Commission report on AI includes broader tech policy recommendations

Last week the National Security Commission on Artificial Intelligence issued its Final Report. Established by Section 1051 of the John S. McCain National Defense Authorization Act for Fiscal Year 2019 to take a very broad look at Artificial Intelligence (AI).

There are lots and lots and lots of AI-specific information, findings, and recommendations (including 60+ specific funding recommendations). While the vast majority of the report focuses on AI (as it should), the 756-page report includes a number of important broader technology policy recommendations that could easily be overlooked. These provisions are important for the development of AI, but affect technologies in general.

One of the biggest items is the report’s call for the creation of a National Technology Foundation (NTF) with budget starting at $1 billion for FY2022 and ramping up to $20 billion by FY 2026 (for a total five-year budget of $51 billion). In contrast, the FY2021 budget for NSF was almost $8.5 billion. Unlike other proposals, the National Technology Foundation would be separate but parallel to NSF. The NTF would focus on technology development and commercialization in a number of key technologies, including AI, biotechnology, quantum computing, semiconductors and advanced hardware, robotics and automated systems, 5G telecommunications, additive manufacturing (aka 3D printing), and energy storage technology.

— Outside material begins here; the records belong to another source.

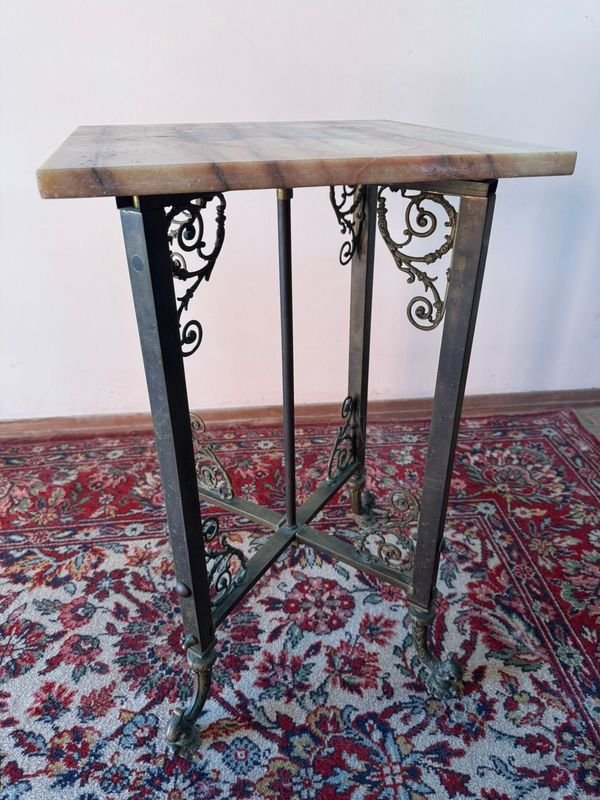 Mesa en bronce con tapa de mármol - imagen 2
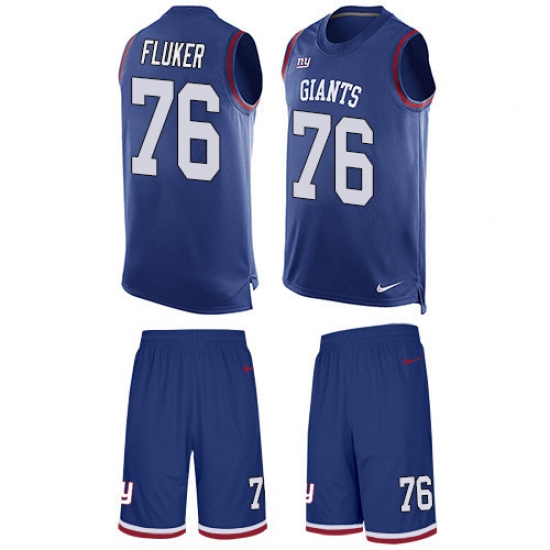 Men's Nike New York Giants #76 D.J. Fluker Limited Royal Blue Tank Top Suit NFL Jersey - Ujersey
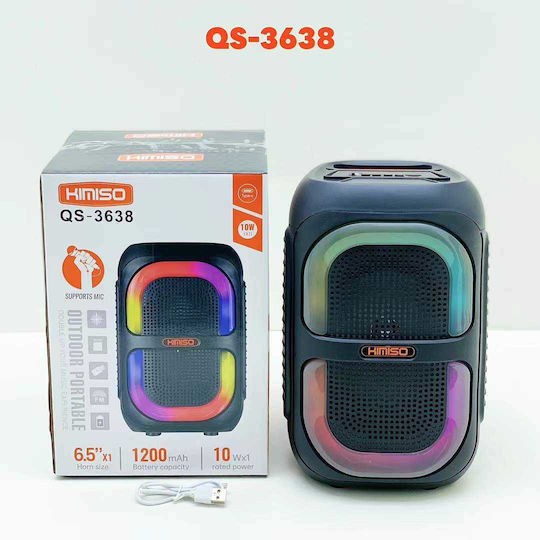 Kimiso QS-3638 Bluetooth Speaker 10W with Radio and Battery Life up to 3 Hours Black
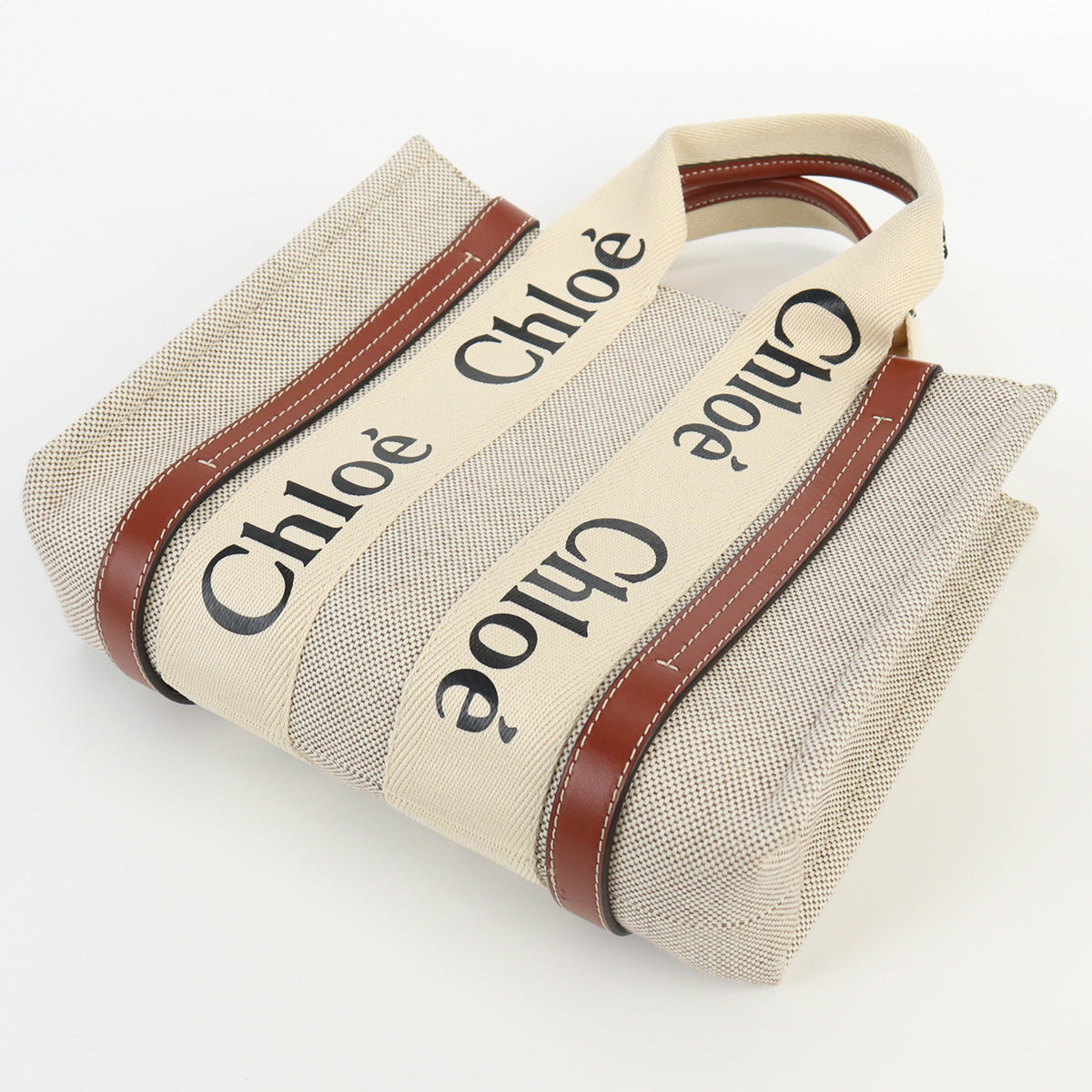 Chloe Woody Small Hand Bag - Brown × Beige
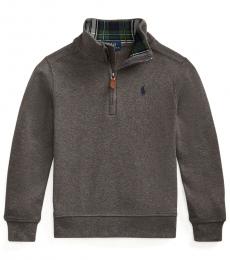 Ralph Lauren Little Boys Grey Heather Interlock Quarter-Zip Pullover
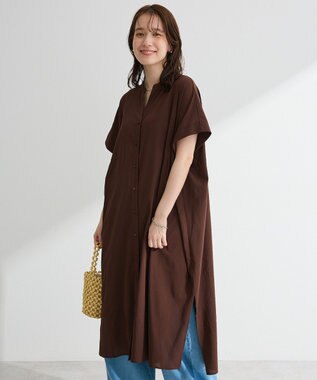 Green Parks 半袖シアースキッパーシャツワンピース Brown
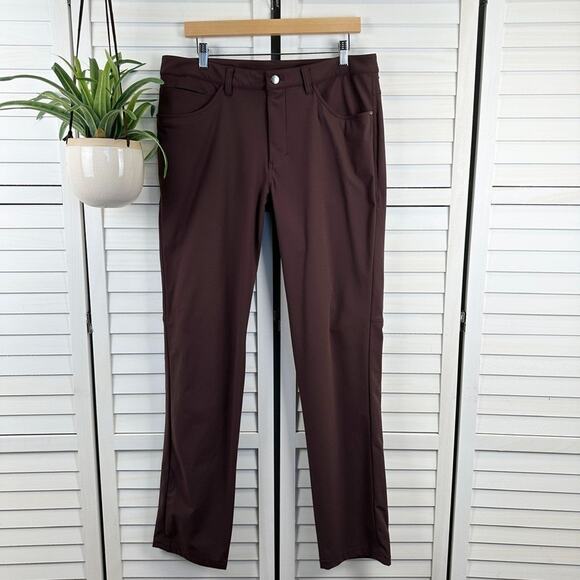 Lululemon Athletica ABC Pant‎ Classic 37" Pelt Burgundy Athleisure Mens Size 34 - Picture 1 of 9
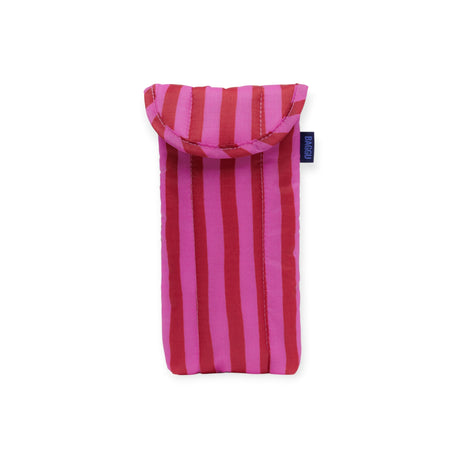 Baggu Puffy Glasses Sleeve - Pink & Red Stripe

In a similar vein, the report notes that there is no agreement as to which technologies are considered critical, and therefore no way to prioritize governmental strategy and actions. The report calls for “a single, authoritative list of technologies and sectors which are key to overall U.S. competitiveness, along with detailed implementation plans for each to ensure long-term U.S. leadership.”

The report recommends creation of a National Network for Regional Innovation in Emerging Technologies, with a budget of $200 million for FY2022 – FY2026. This network would coordinate and fund the creation of Technology Research Centers in each designated Regional Innovation Cluster to facilitate industry-academia-government collaboration on critical technologies.

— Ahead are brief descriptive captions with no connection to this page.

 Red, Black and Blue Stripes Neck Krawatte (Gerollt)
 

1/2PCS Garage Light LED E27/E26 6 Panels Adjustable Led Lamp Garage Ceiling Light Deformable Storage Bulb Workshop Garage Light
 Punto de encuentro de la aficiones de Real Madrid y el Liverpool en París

The report also recommends modernizing export controls, reforming investment screening (through CFIUS), amending the Foreign Agents Registration Act to better protect critical technologies, and expanding STEM-oriented immigration. In addition, they recommend the creation of a University Affiliated Research Center focused on research integrity and research security.

To promote greater international cooperation, the report recommends the creation of an Under Secretary for Science, Research and Technology and the creation of an Emerging Technology Fund at the State Department to support “digital foreign assistance, digital development projects, emerging technology programs, and other related initiatives of the Department of State and the United States Agency for International Development.”

Finally, the report recommends expanding the loan authority of the U.S. International Development Finance Corporation (DFC) to include funding of domestic industrial base capabilities supporting critical technologies. Specifically, the recommendation is to delegate authority under Title III of the Defense Production Act to the DFC.

As I said, there is a lot in this report. Even if the report had limited itself to just AI-specific recommendations, this would be a pathbreaking set of recommendations. Importantly the commission recognized that our AI strategy must exist in the context of a larger technology strategy. Adding these broader technology policy recommendations strengthens the overall impact on AI development. In doing so it goes above and beyond in setting the direction for technology policy for years to come.

The report lays out an ambitious agenda for policymakers. I hope that they will embrace the broader recommendations and not just cherry-pick some of the AI specific ones. Embedded in this report is an important set of ideas that offer the opportunity to dramatically move technology policy in the right direction. Policymakers need to seize this opportunity.